Kiire Wellness | Oludaré Bernard
Through performance and workshops, Kiire Wellness creates safe spaces for Black LGBT+ communities to explore African spiritual expression and wellness as a human right. Founded by Oludaré Bernard, Kiire Wellness aims to preserve ancestral wisdom, culture, and also the health and wellness of Black LGBT+ people who have to consistently fight for their right to breath and live safely. Due to dangers present in Black and LGBT+ communities, a space to explore spirituality, belonging, and calm is of utmost importance.

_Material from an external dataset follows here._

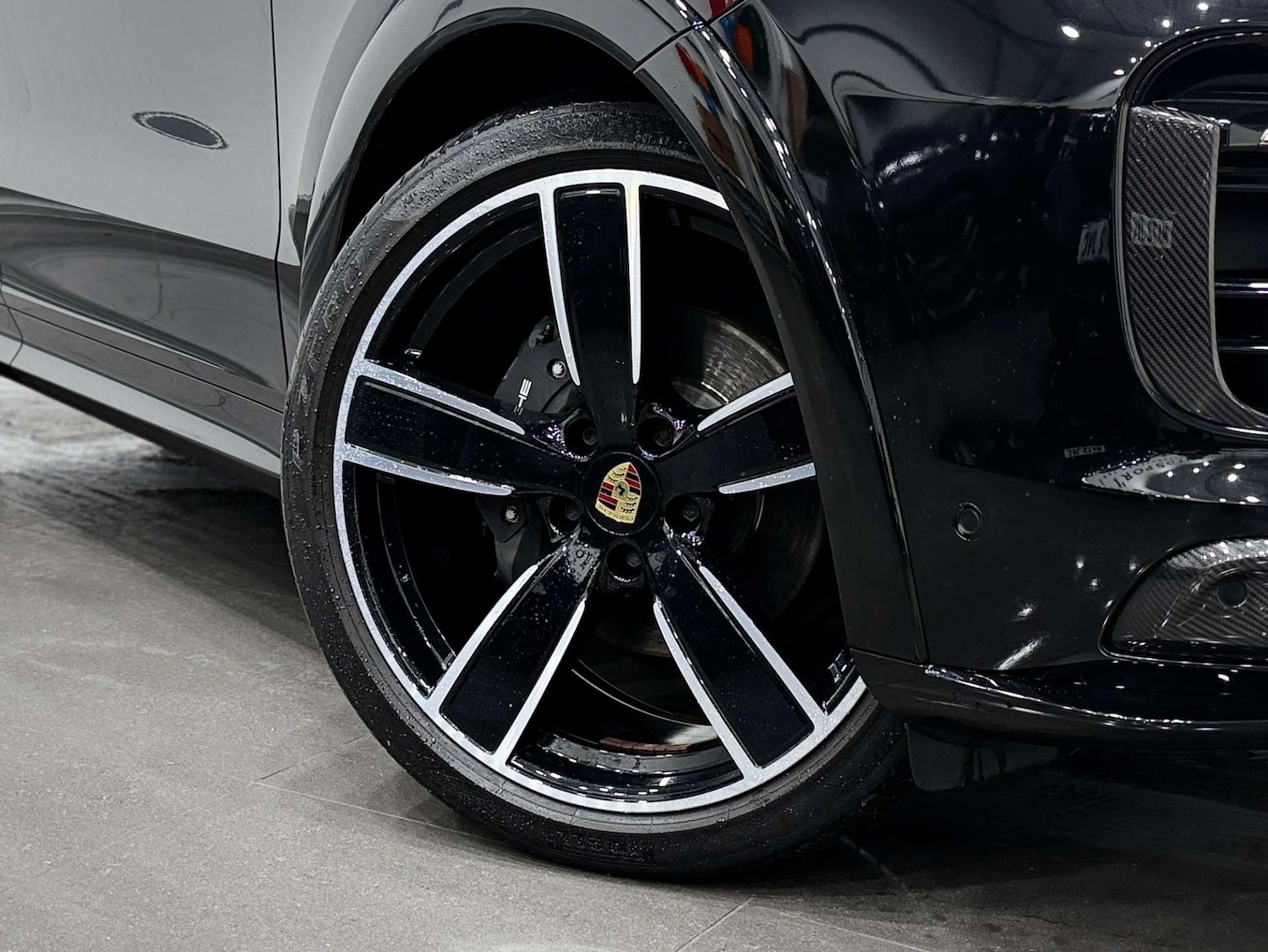 Used Porsche Cayenne 2023 for sale - 77833901: Photo 16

Through the interweaving of Afro-Ancestral spiritual traditions of movement, song and rhythm like Orisha and the art of LGBT+ performance in the Ballroom Scene, otherwise known as “Voguing”, Kiire Wellness creates spaces for Black LGBT+ communities that explore what it means to be liberated, to be empowered, and to have access to Black, African, spiritual expression.

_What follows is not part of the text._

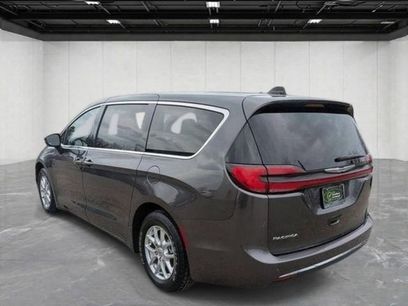 Used 2023 Chrysler Pacifica Touring-L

The Free Black Women's Library
The Free Black Women's Library is a social art project, interactive installation, and collection of over 4,000 books that celebrates the brilliance, diversity, and imagination of Black women and Black non-binary authors. The Library also engages in multiple partnerships and collaborations with artists, writers, cultural workers, art institutions, and organizations from across the country. The Library offers a wide array of workshops, film screenings, readings, performances, and radical conversations that provide and inspire counter narratives around race, gender, and culture.
The mission and purpose of the Library is to center and celebrate the creative and intellectual labor of Black women writers from all over the world. The library is grounded in Black Feminist Praxis, radical imagination, collective care, and community building. It aims to provide a space that both liberating and nurturing to the community.
Mafor Mambo Tse | Nelson Mandela High school
As a form of outreach with Nelson Mandela High School for Social Justice, BAC Teaching Artist Mafor Mambo Tse has been hosting a series of “Lunchtime Community Conversations.” The series was put together by teachers and students of Nelson Mandela School for Social Justice. The series looks at dance through a social justice lens and covers topics such as police brutality, systemic racism, Black resistance, and mask dance as a form of resistance.
Mambo Tse studied Theory of Communications at Marymount Manhattan College & Corporate Communication at Mercy College in New-York City. She is known as a choreographer, artistic director and performance artist. Over the past seventeen years, she has conducted many community engagement workshops on African dances, histories, music, and cultures globally.
avani patel | P.S. 288 The Shirley Tanyhill
Avani Patel is a BAC Teaching Artist at P.S. 288 The Shirley Tanyhill. For Black History Month, Patel engaged students in a lesson about African American artist Romare Bearden. Students created mixed media projects inspired by Bearden.
Patel is a painter and visual artist whose work interprets music and expresses it visuall. In her own words: “My paintings invite the viewer to wander through a universe of color and pattern in motion - a world of energy in music manifested in visual form. In the small universe I altered and accepted life of being, from everyday appreciation that gets created on canvas or in my drawings. The idea is to interpret the content of the music and express it via visual images; to create an environment of joy and passion conveying a feeling of dance and festivity while using the psyche’s imagination.”